Reflexión agustiniana

Escrito el 06/05/2023
Agustinos


Operación rescate

La sombra de la Pascua es muy alargada. De hecho, está enmarcada entre dos solemnidades, separadas por 50 días –la de la Pascua del Señor y la de Pentecostés– con otra en medio: la de la Ascensión. Como esta es la más cercana en el calendario, en ella centraré mi reflexión, desde una perspectiva agustiniana, como siempre.

La Ascensión propiamente no se distingue de la Resurrección del Señor; es solo un aspecto de ella. Ambas manifiestan a la vez tanto un aspecto de Cristo como del cristiano, uno y otro no solo íntimamente relacionados, sino también inseparables. San Agustín no se molesta en defender el hecho  de la subida de Jesús a los cielos, porque da fe plena al relato de los evangelistas (cf. Mc 16,19; Lc 24,51; Hch1,9). Lo que le interesa es que los fieles perciban el misterio salvífico que encierra la solemnidad. Con ese fin recurre a dos textos bíblicos, uno de san Juan y de otro de san Pablo. De san Juan: Nadie subió al cielo, sino quien bajó del cielo, el Hijo del hombre que está en el cielo (Jn 3,13); de san Pablo: De igual manera que el cuerpo es único y tiene muchos miembros, y todos los miembros del cuerpo, a pesar de ser muchos son un solo cuerpo, así también Cristo (1 Cor 12,12) (Sermón 263 A). El segundo tiene la función de posibilitar al santo la interpretación del misterio de la Ascensión, aludida en el primero, en una línea teológica que es habitual en él.

En efecto, unidos los dos textos, el predicador de Hipona puede concluir que, aun siendo el mismo Hijo de Dios el que bajó –con la Encarnación– y el que ascendió –con la Resurrección–, no se manifestó de igual manera en uno y en otro caso, pues descendió él solo, pero subió cargando consigo al hombre, hecho miembro de su cuerpo.  Una imagen puede ayudar a entender lo que quiero indicar. Sobra decir que a imagen es mía, no del santo. De vez en cuando nos sucede ver en TV una operación de rescate en alta montaña. De un helicóptero, suspendido en el aire por el rotar de las hélices sobre un abismo, se descuelga, bien sujeto a un resistente cable, un socorrista. El cable se va desenrollando hasta que llega a tierra para que el socorrista pueda coger a la persona en cuyo rescate acude; luego desde el helicóptero se comienza a recoger el cable y, al poco tiempo, se ve aparecer al socorrista, pero ya no solo, pues lleva sobre sus hombros a la persona socorrida.
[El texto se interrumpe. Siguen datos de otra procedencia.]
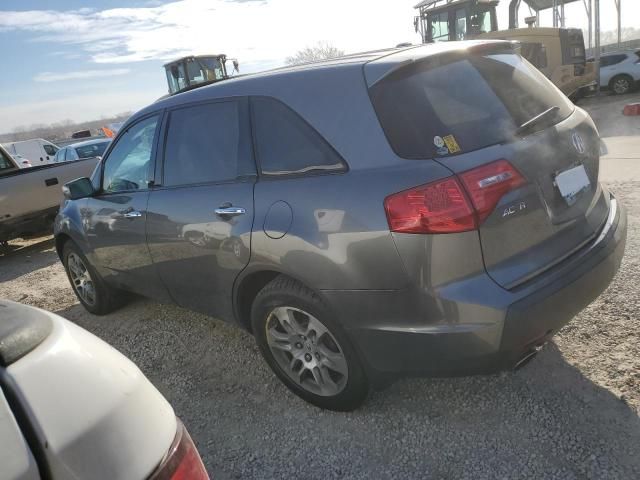 2008 Acura MDX Technology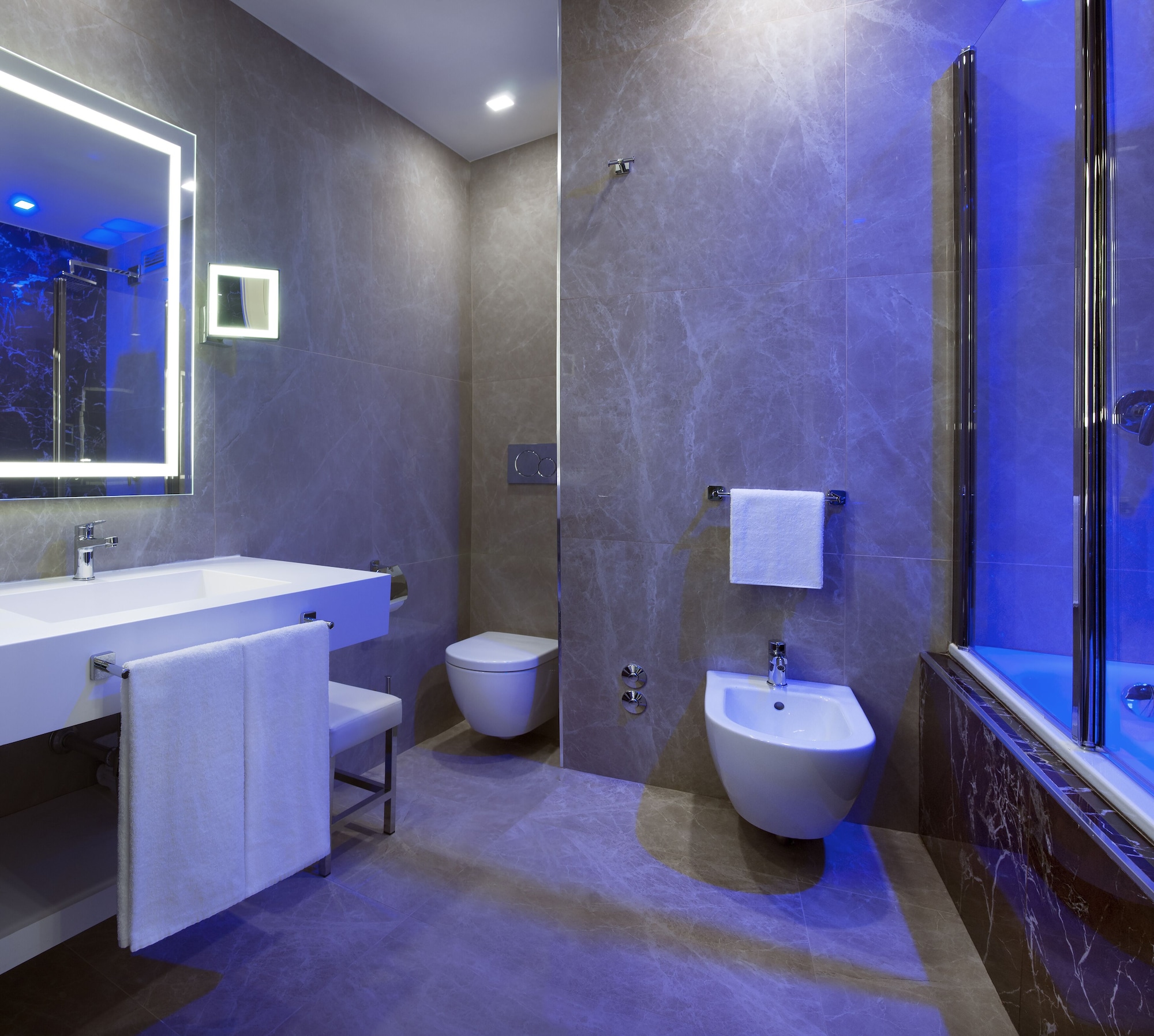 غرفة بريميوم، Radisson Blu Ghr Hotel Rome 6/6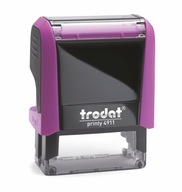 TRODAT PRINTY STAMP 4911 PURPLE+ GUMA DIZAJN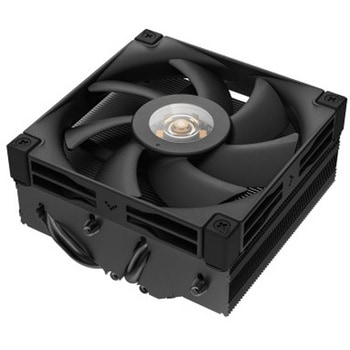 AN400 BK/空冷CPUクーラー/トップフロー型/ブラックモデル/薄型92mmファン/最大150WのTDP対応/Intel LGA1851/1700/1200/1151/1150/1155/AMD AM5/AM4対応 DEEPCOOL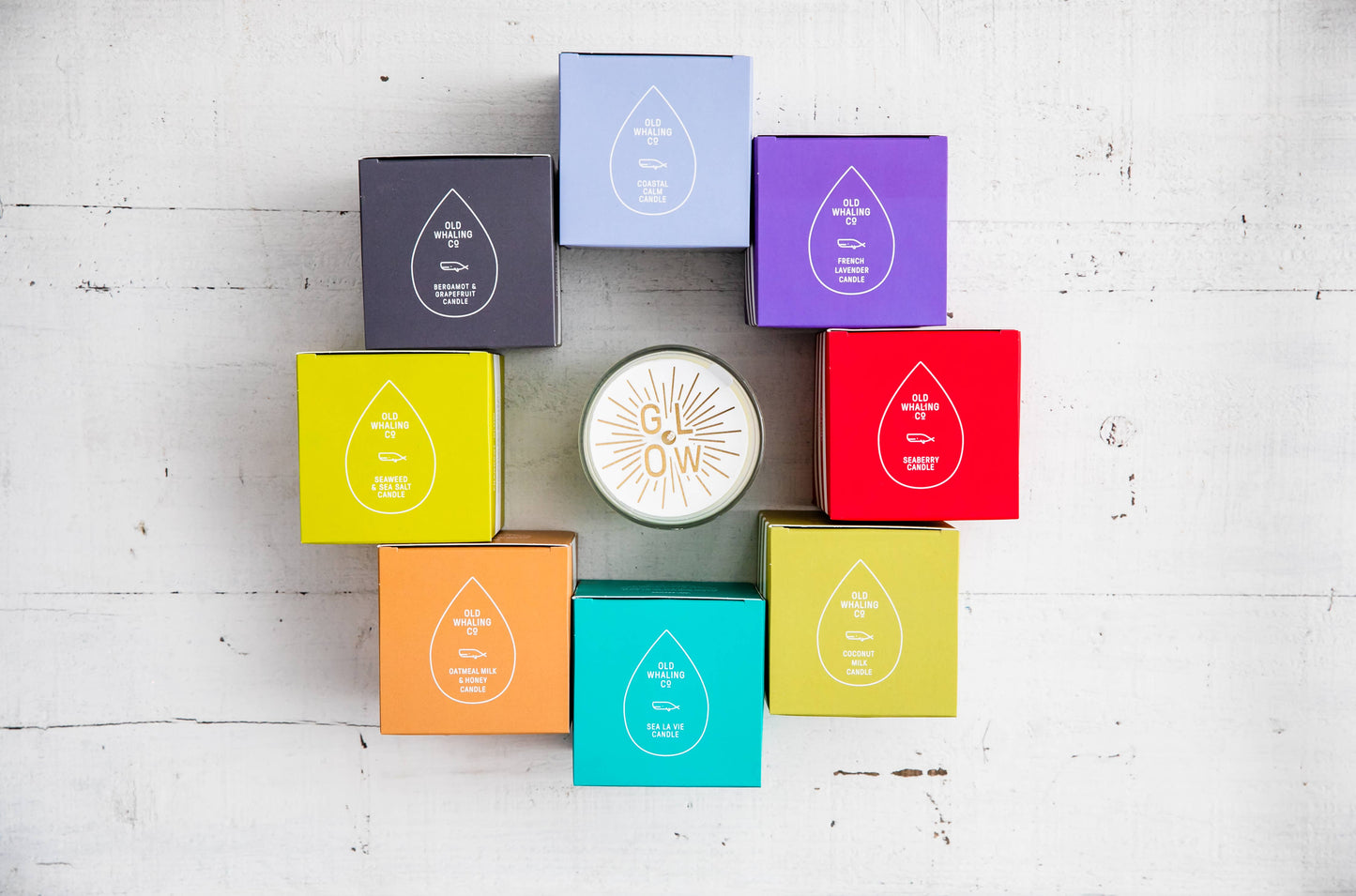 Coconut Milk Candle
Es solo una imagen pero puede ayudar nuestra comprensión del misterio cristiano: el socorrista que bajó y el que subió, siendo el mismo, en cierta manera no es el mismo en cuanto que  bajó solo, pero sube con otro: ya es él con el otro, con el que forma una unidad. El socorrista sabe que ha dado vida al socorrido; el socorrido sabe que ha recibido la vida del socorrista. Socorrista y socorrido –Cristo y el hombre– quedarán unidos para siempre. 

Es solo una imagen, repito, que nunca puede expresar mi la totalidad ni la profundidad del misterio de la Pascua del Señor. Para aproximar más la imagen al hecho se requeriría desarrollarla con mayor amplitud, algo que aquí no es posible. Pero considero importante señalar otro particular que el obispo de Hipona se complace en poner de relieve. Consiste en aplicar al caso la diferencia, de todos conocida, entre caer y bajar. Sin duda, por la causa que fuera –incompetencia,  imprudencia o irresponsabilidad–, el socorrido cayó al abismo; en cambio, el socorrista no cayó, sino que bajó. Bajar implica un acto de voluntad, caer, en cambio, es ajeno a ella. Haciendo una adaptación rápida: el hombre cayó al abismo por imprudencia, el Señor bajó a socorrerlo por amor. 

El proceso de salvación de la humanidad está en curso todavía. Desde la cima de su misericordia, Dios ha querido que su Hijo bajase hasta la sima de nuestra miseria para rescatarnos. Ahora, a lo largo del tiempo él sigue subiendo al Padre cargando sobre sus hombres a la humanidad pecadora. Si queremos volver al lugar de salvación, aquel donde aparece el helicóptero de la misericordia divina, no nos queda sino agarrarnos bien a Cristo porque él ascendió, pero sigue ascendiendo hasta allí.